The median forecast among economists polled by Bloomberg is for Stats SA data on Thursday to show manufacturing production contracted 1.5% year on year after falling 1.1% in July.
The sector, which contributes about 14% of GDP, has been affected by weak domestic demand and subdued export growth due to the effect of the US-China trade war.
The outlook does not look any better, with manufacturing activity having fallen to its worst level in a decade in September, according to Absa’s purchasing managers’ index (PMI).
Weak manufacturing figures from the US and the eurozone add to concern that the global economy is in danger of slowing.
“The deteriorating global macroeconomic backdrop was reinforced by the latest release of global manufacturing PMIs that signalled that manufacturing is headed for a recession amid a synchronised global downturn,” said Investec economist Kamilla Kaplan.
“Against this tenuous global backdrop and persistently weak domestic demand, SA’s manufacturing PMI has dropped to its lowest level since the 2008/2009 recession,” she said.
According to a Bloomberg median forecast, mining production is likely to have shown little or no growth after an increase of 2.4% in the previous month. The data is also due on Thursday.
FNB economists, however, expect “another relatively steady increase in the August release”, but said that this was off a low base, with the sector having contracted 6.7% in 2018.
Despite growing 14.4% in the second quarter of the year, rebounding from the effects of load-shedding, it is still confronted by dwindling demand, potential labour strikes and the controversial third version of the Mining Charter.

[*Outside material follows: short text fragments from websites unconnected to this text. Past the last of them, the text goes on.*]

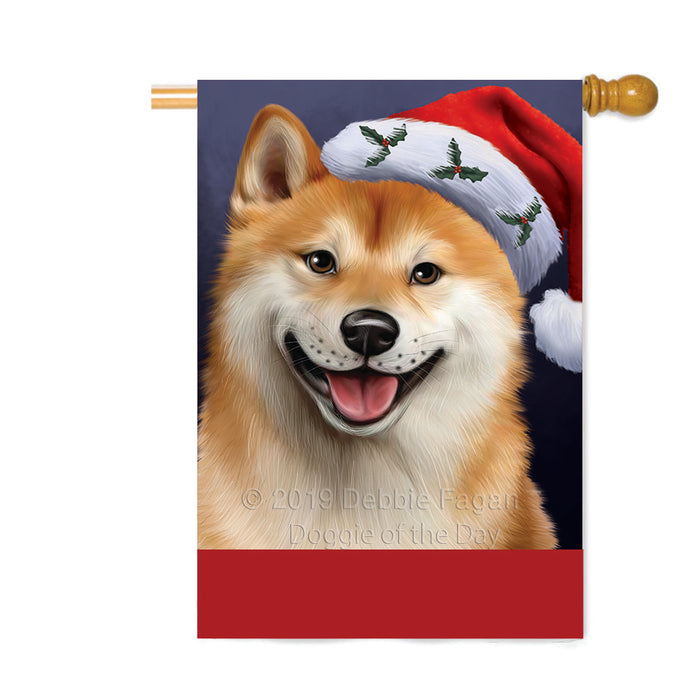 Personalized Christmas Holidays Shiba Inu Dog Wearing Santa Hat Portrait Head Custom House Flag FLG-DOTD-A59914
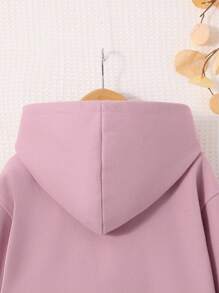 SHEIN Tween Girl Letter Patched Detail Dual Pocket Hooded Overcoat,In Fall/Winter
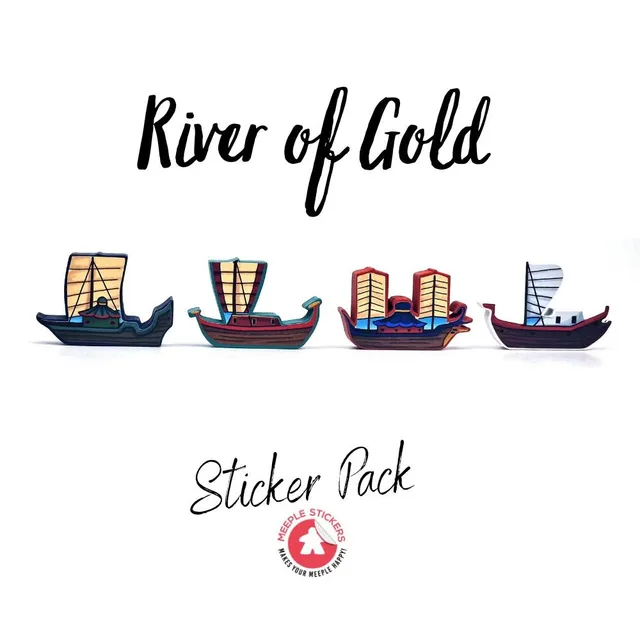 Meeple Sticker River of Gold Sticker Set Boote Händler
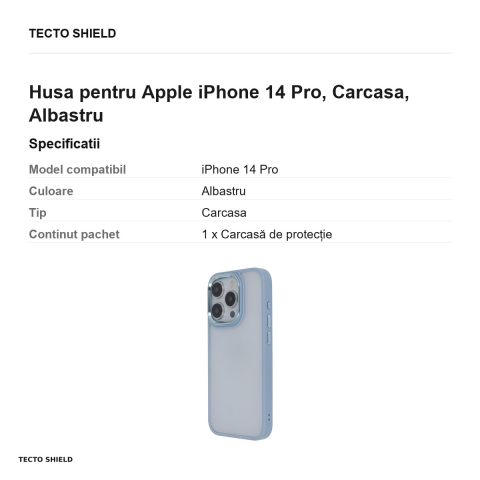 Husa Satin Elegant Matt pentru Apple iPhone 14 Pro, Carcasa, Albastru [2]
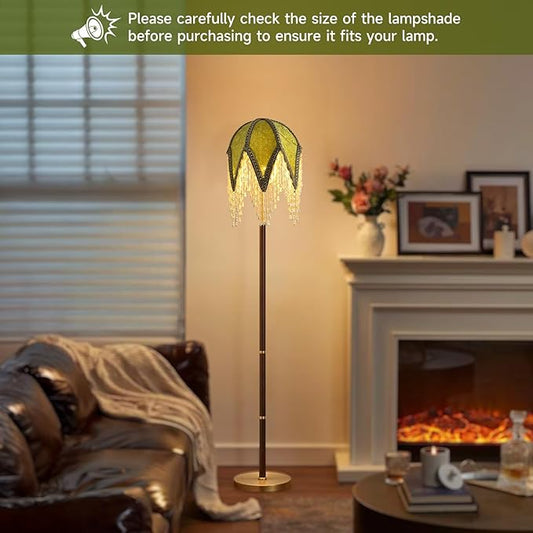 Tassel lampshade - Retro country style green bead tassel lampshade,18cm artistic atmosphere replacement lamp accessory for living room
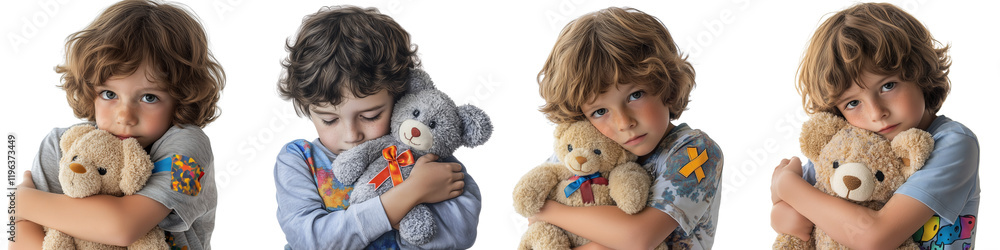 set of A child wearing an autism awareness ribbon shirt hugs a stuffed animal, a child hugging a stuffed animal, awareness ribbon clothing, on a transparent backgrounds set of A child wearing an autism awareness ribbon shirt hugs a stuffed animal, a child hugging a stuffed animal, awareness ribbon clothing, on a transparent backgrounds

“Underlying output activity is constrained by a persistently uncertain policy environment, an escalation in operating costs and periods of labour unrest,” Kaplan said. “The sector also faces an increasingly challenging global environment as slower growth, particularly in China and the US, would dampen the global demand for commodities.”
The SA Chamber of Commerce and Industry business confidence index is expected on Wednesday to have fallen further in September, having fallen to a 34-year low of 89.1 index points in August. The median forecast according to a Bloomberg poll is for the index to fall to 89, as business people become more wary about the growth prospects of the domestic economy.
The waning business confidence comes as President Cyril Ramaphosa faces pressure to implement the government’s promised growth-boosting economic reform agenda.
Expectations on SA’s economic growth in 2019 have fallen steadily in past months, with the Reserve Bank in July slashing its forecast to 0.6% from 1.7% at the beginning of the year.